What you give back should be exactly the lines from the one with "chemisier blouse rouge" through the end of the data, without the pictures.

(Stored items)
————

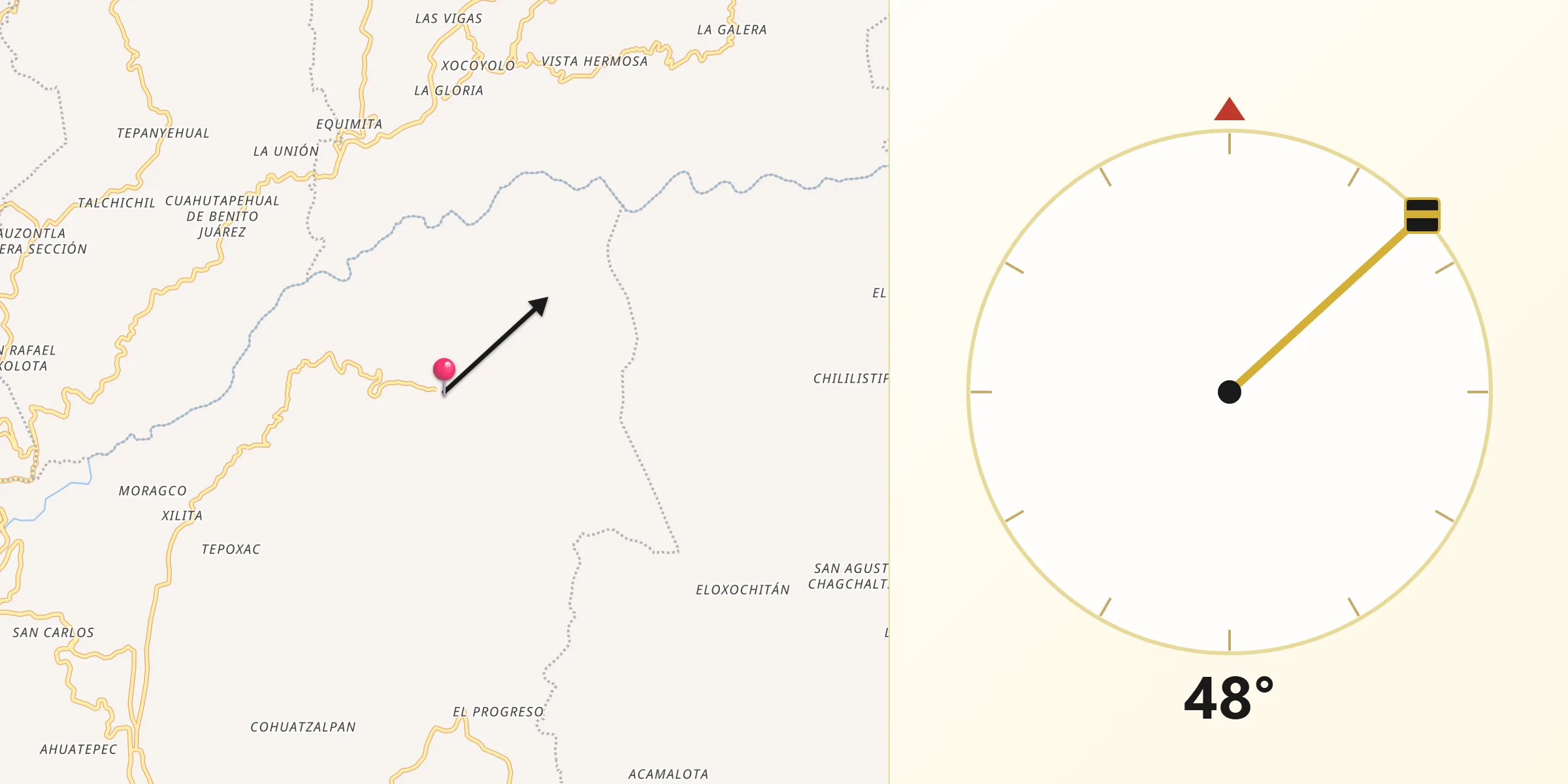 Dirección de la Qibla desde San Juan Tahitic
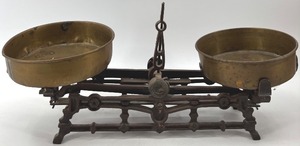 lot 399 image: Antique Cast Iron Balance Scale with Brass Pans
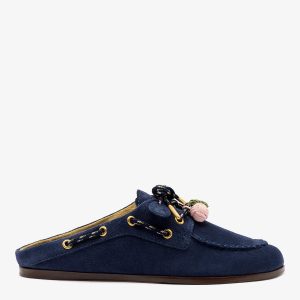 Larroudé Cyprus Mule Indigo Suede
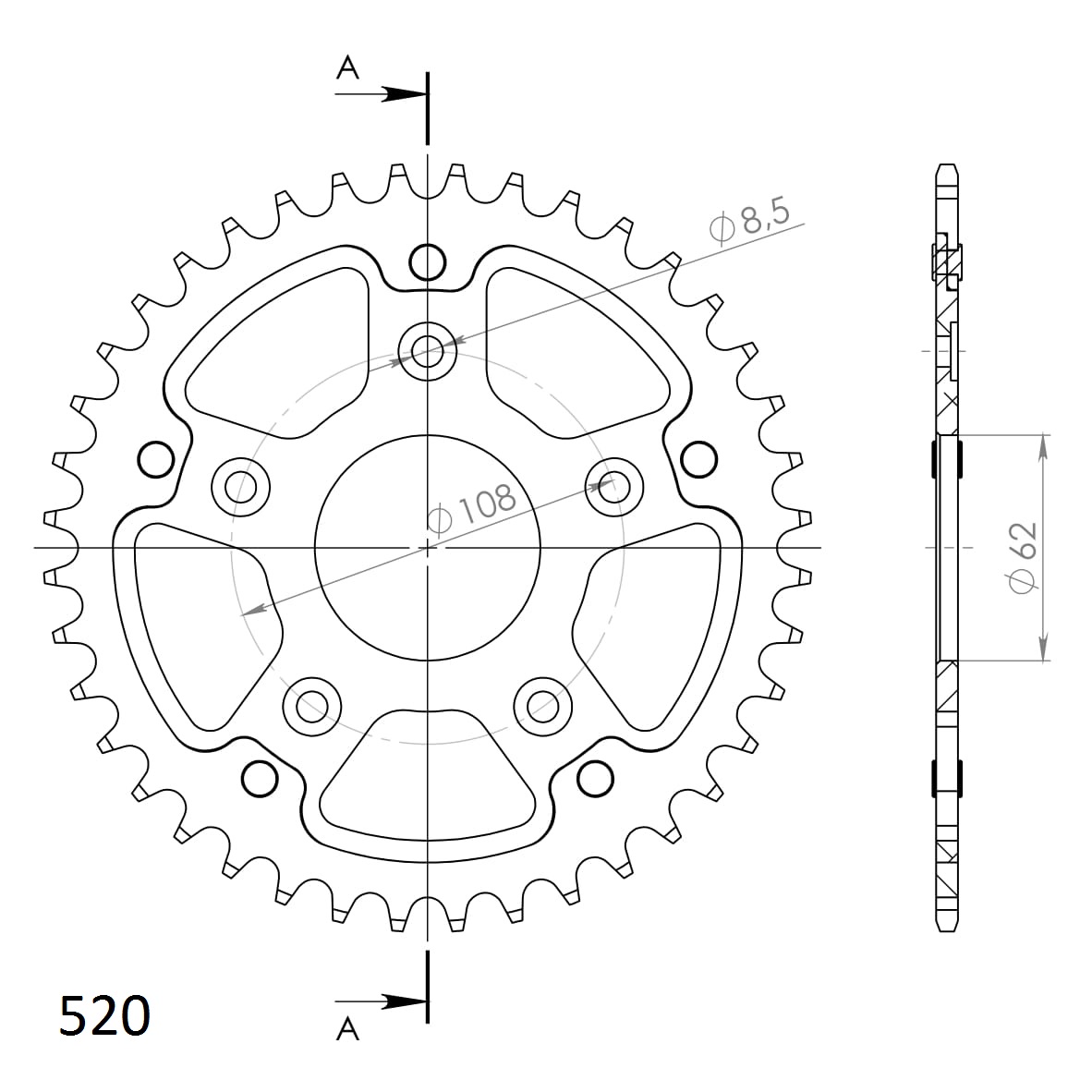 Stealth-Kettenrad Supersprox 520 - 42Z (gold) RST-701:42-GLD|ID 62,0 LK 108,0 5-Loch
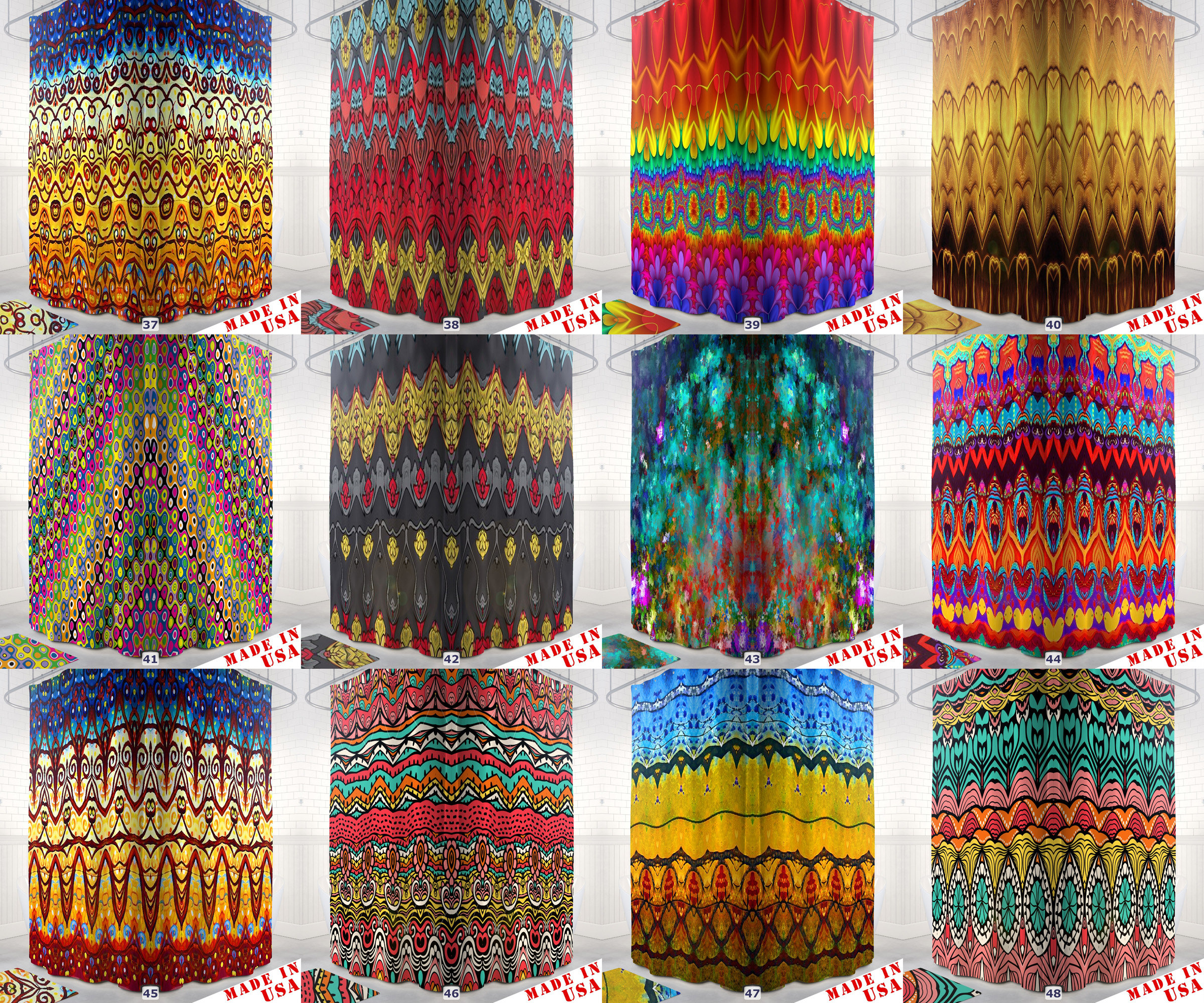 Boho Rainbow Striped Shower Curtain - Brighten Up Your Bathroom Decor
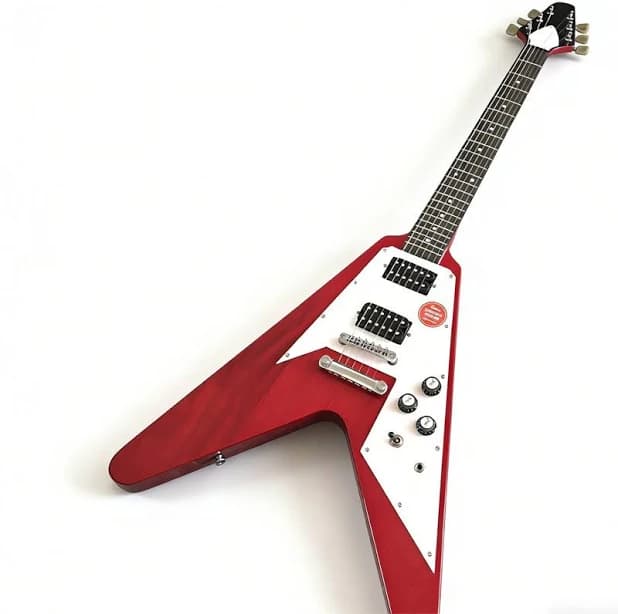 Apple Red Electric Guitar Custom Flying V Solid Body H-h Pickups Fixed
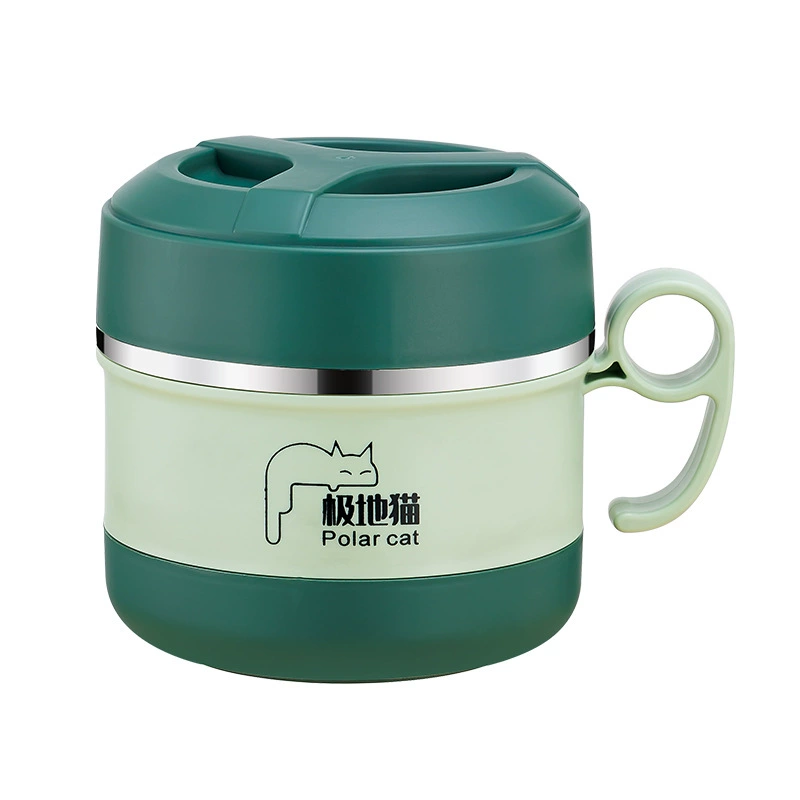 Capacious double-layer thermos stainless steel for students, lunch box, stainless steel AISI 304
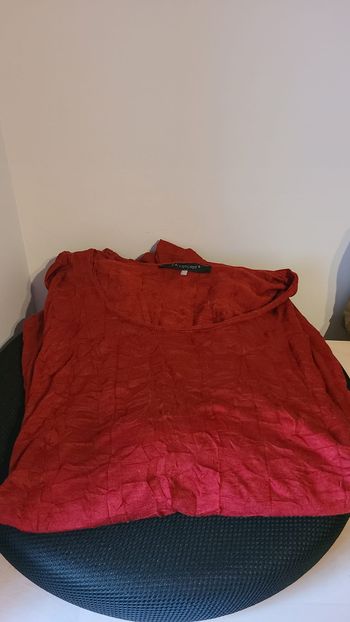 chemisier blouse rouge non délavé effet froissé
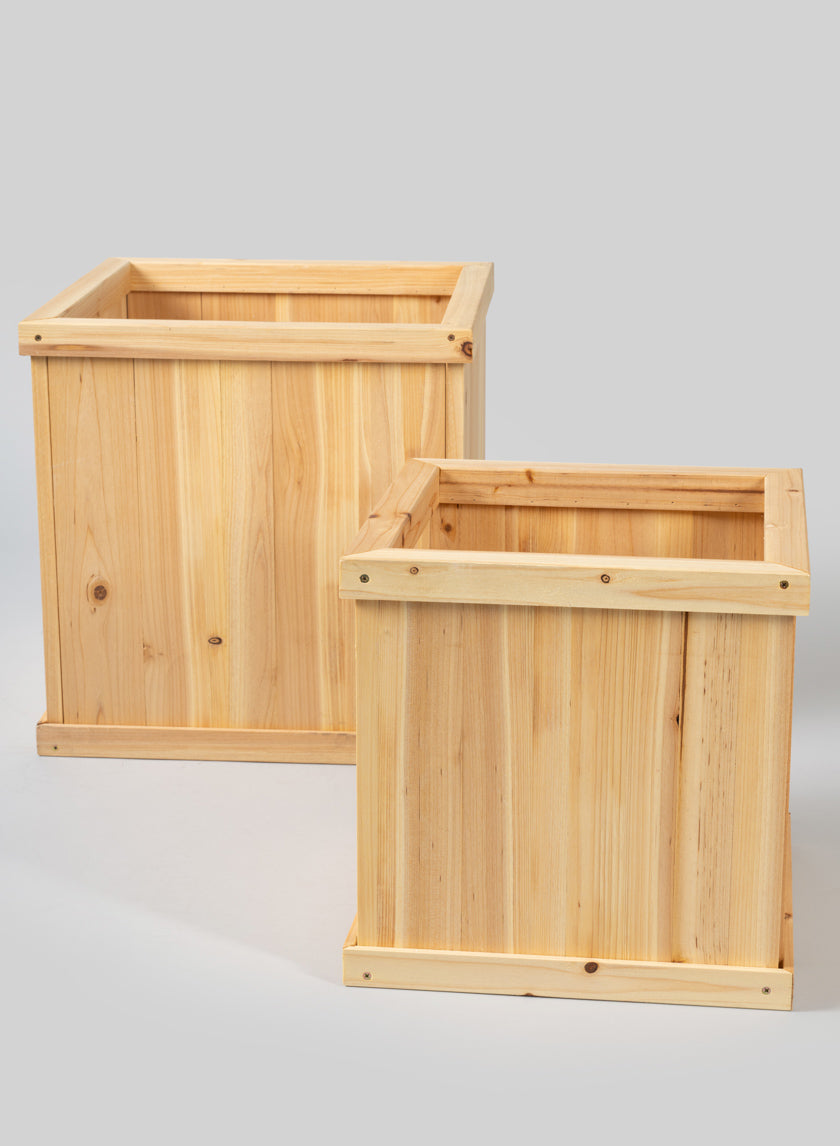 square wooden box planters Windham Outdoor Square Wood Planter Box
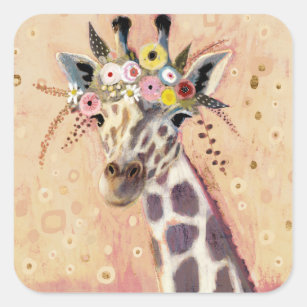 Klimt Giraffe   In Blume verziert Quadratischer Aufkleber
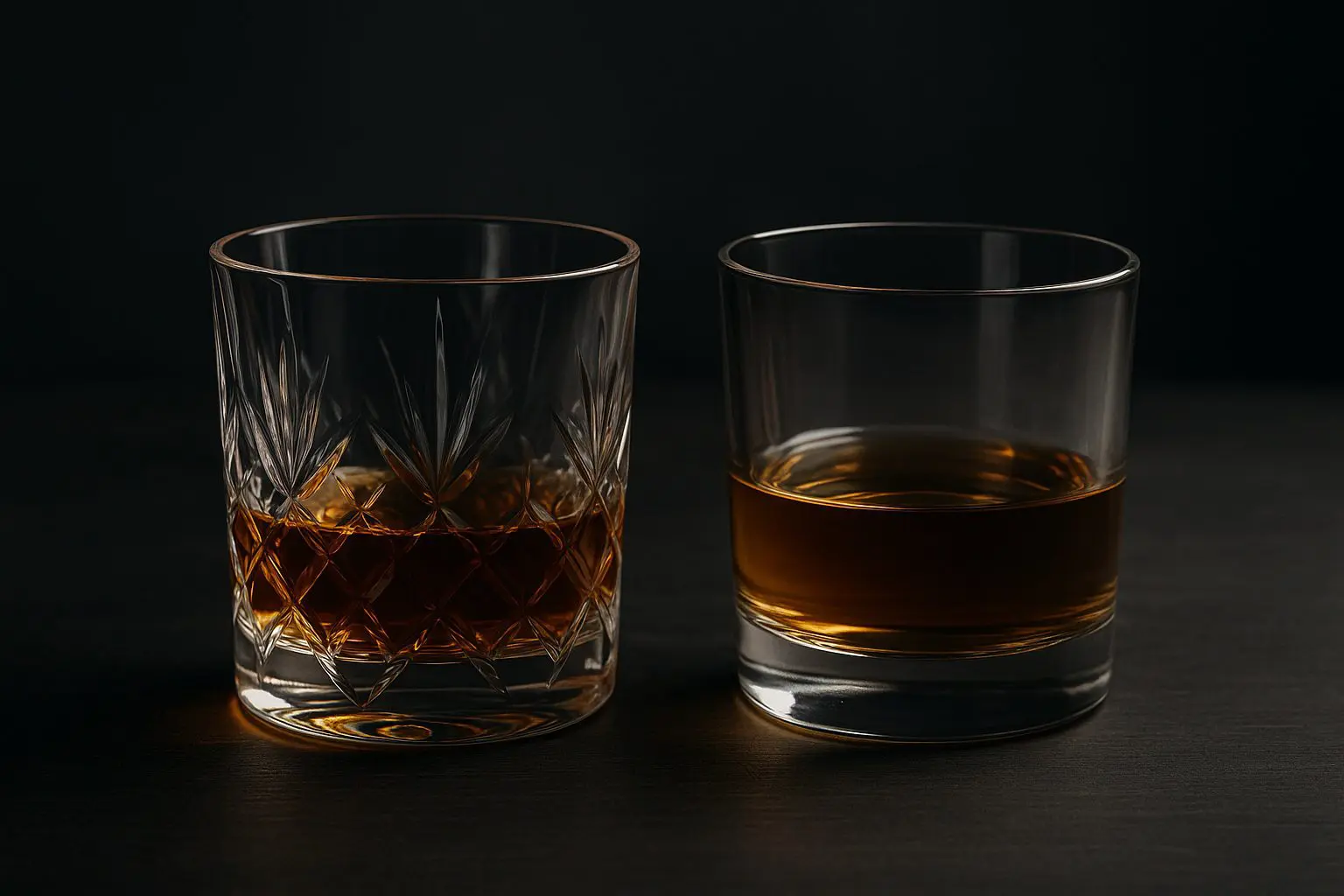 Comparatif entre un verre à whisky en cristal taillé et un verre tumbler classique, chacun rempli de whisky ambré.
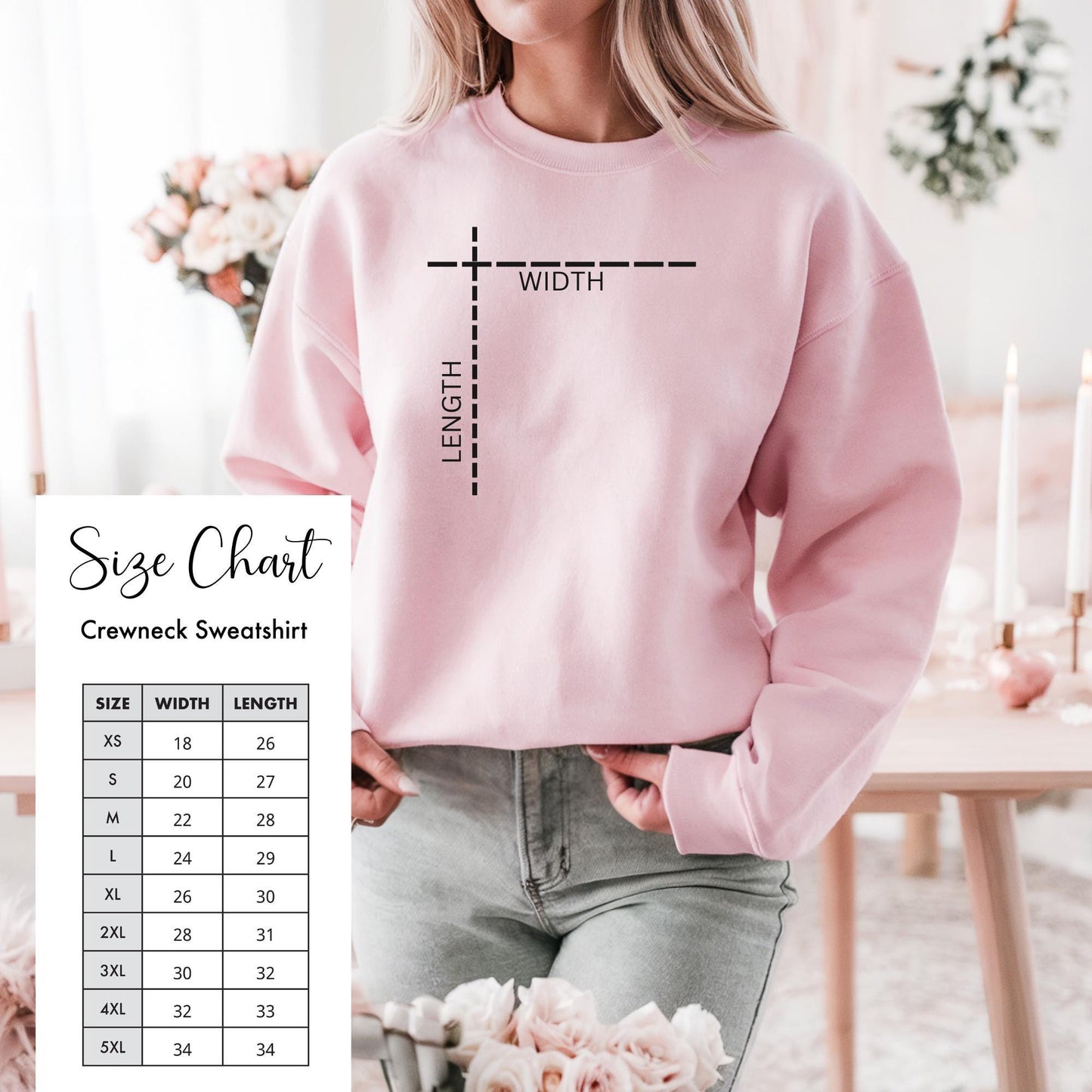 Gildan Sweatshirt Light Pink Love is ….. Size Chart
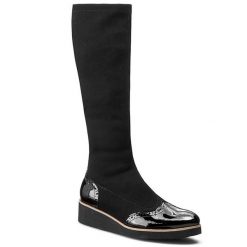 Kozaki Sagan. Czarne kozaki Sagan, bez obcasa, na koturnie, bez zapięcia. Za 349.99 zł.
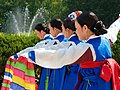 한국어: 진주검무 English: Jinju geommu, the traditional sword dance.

————

▸ **OUTPUT BELOW**:
 chemisier blouse rouge non délavé effet froissé
 square wooden box planters Windham Outdoor Square Wood Planter Box
 Klimt Giraffe   In Blume verziert Quadratischer Aufkleber
 Comparatif entre un verre à whisky en cristal taillé et un verre tumbler classique, chacun rempli de whisky ambré.
 Gildan Sweatshirt Light Pink Love is ….. Size Chart
 Kozaki Sagan. Czarne kozaki Sagan, bez obcasa, na koturnie, bez zapięcia. Za 349.99 zł.
 한국어: 진주검무 English: Jinju geommu, the traditional sword dance.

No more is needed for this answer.